Asia’s market for 380-cst high sulphur fuel oil (HSFO) experienced sideways trading on Tuesday amid a burst of activity described as a frenzy of window deals. On that day, more than 20 spot trades for HSFO occurred, marking the highest daily traded volume for the year to date, according to market sources and compiled data. The cash differential for 380-cst HSFO in Singapore rose slightly compared to the previous day, maintaining a position within single-digit premiums.
However, the trading environment remained unstable, with margins continuing to decline. Front-month cracks have shifted back into discounts relative to crude quotes after maintaining premiums since mid-April. In addition to trading activity, Malaysia’s PRefchem offered 500,000 barrels of atmospheric residue for loading in June through a tender this week, further contributing to market dynamics.
Oil prices stabilized on Tuesday, buoyed by escalating geopolitical tensions. The ongoing conflict between Russia and Ukraine intensified, while Iran signaled plans to reject a U.S. nuclear deal proposal that could ease sanctions on its oil exports. Globally, refiners have unexpectedly profited from producing significant fuel quantities in recent weeks, providing a much-needed boost to a struggling sector ahead of a forecasted downturn later in the year.

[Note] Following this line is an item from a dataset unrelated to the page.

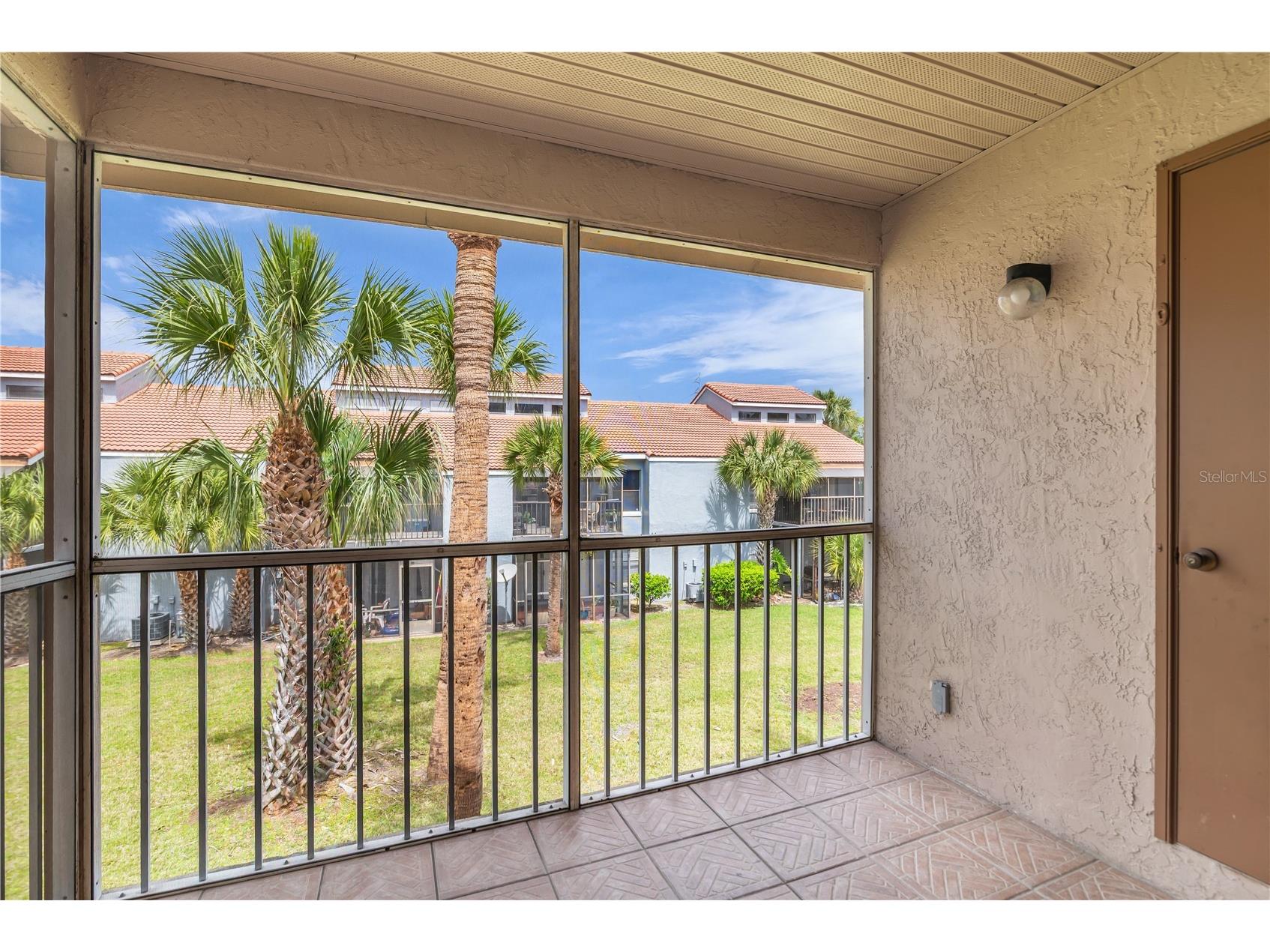 4807 Normandy #202 Orlando FL 32811 S5146796 image28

This comes as plant closures have limited the fuel supply essential for meeting peak summer demand. Lastly, BP announced on Tuesday that the consortium managing the Shah Deniz gas field in the Azeri Caspian Sea has decided to invest $2.9 billion to expand output from the project. In contrast, Venezuela’s oil exports remained stable last month, benefiting from increased shipments to China despite a downturn in U.S.-authorized sales.